Giuseppe Giaccone, PhD, MD

Cancers of the thymus, a small organ located in the mediastinum above the heart, are uncommon and understudied. Recent developments, including research led by Giuseppe Giaccone, PhD, MD, at Weill Cornell Medicine, however, have shined a light on a malignancy that only affects about 400 Americans annually.1

“The thymus is…the place where the immune cells are formed,” said Giaccone, professor of medicine and associate director of clinical research at the Sandra and Edward Meyer Cancer Center at Weill Cornell Medicine. “It’s a very important organ, in particular, at the beginning of life. Later in life, this organ evolves and becomes essentially fat tissue so it’s not that important anymore. But in early life, it is an essential organ. If you don’t have the thymus, then you don't have immunity.”

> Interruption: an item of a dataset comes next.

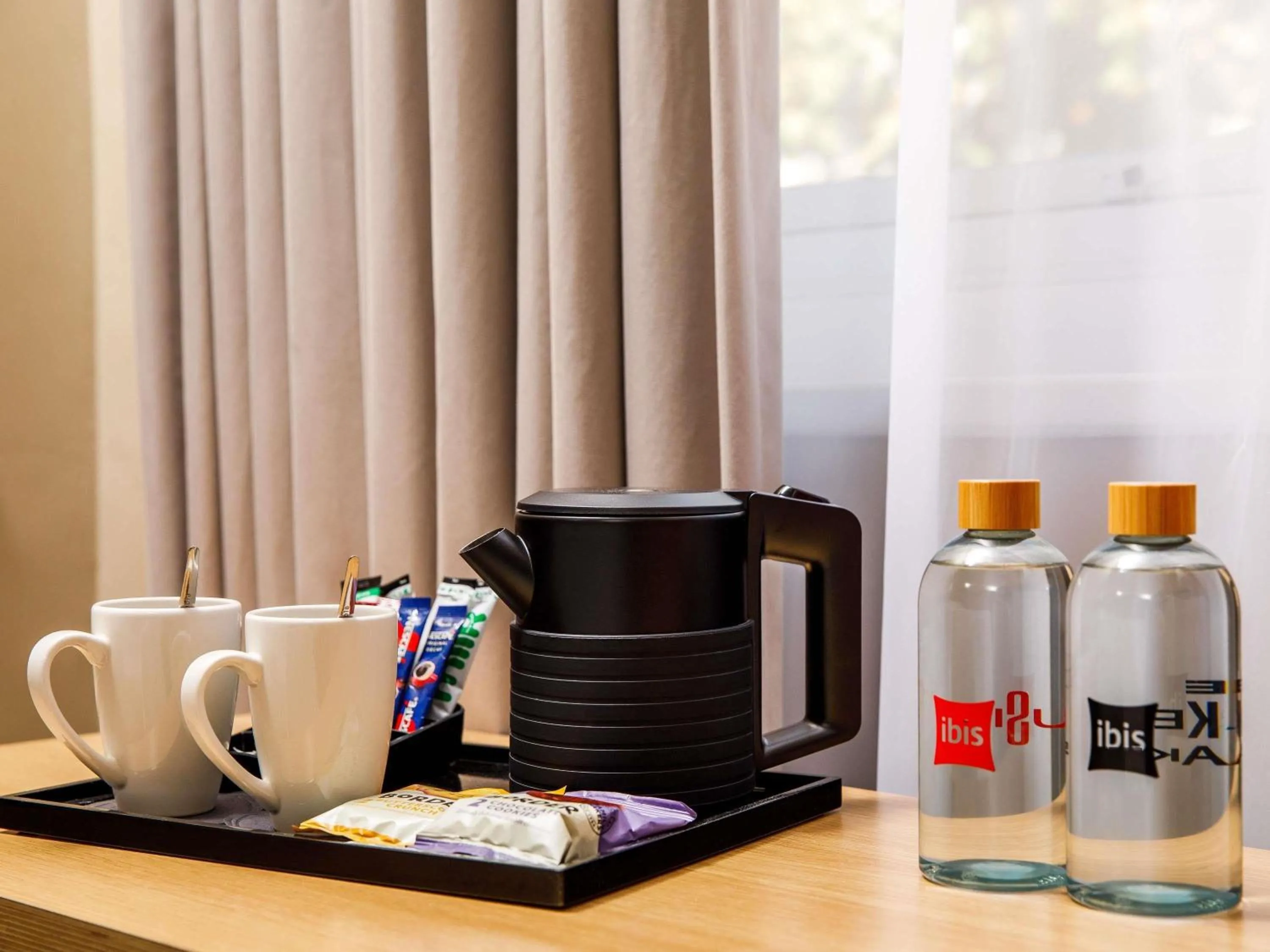 Bedroom in ibis London Greenwich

Primary thymic epithelial tumors are a heterogenous collection of malignancies that differ in both appearance and biological behavior. The World Health Organization categorizes thymic epithelial cancers as type A, AB, B1, B2, and B3 thymomas collectively and thymic carcinoma.2

According to the American Society of Clinical Oncology, nearly all patients with type A disease live at least 15 years after diagnosis.3 In contrast, patients with thymic carcinomas, the most aggressive subtype, are often not curable by surgery. The 5-year overall survival rate is 62% for patients with diagnosed with thymic neuroendocrine tumors and 52% for those with thymic carcinoma.4

Giaccone, who specializes in thymic cancers, said that no biomarkers are available for these cancers. “There are sometimes tumors that produce some tumor markers that you can find in the blood, but that’s pretty rare,” he said. “You can find [them] sometimes in carcinomas that produce tumor markers that are common in other carcinomas, but that’s pretty uncommon.”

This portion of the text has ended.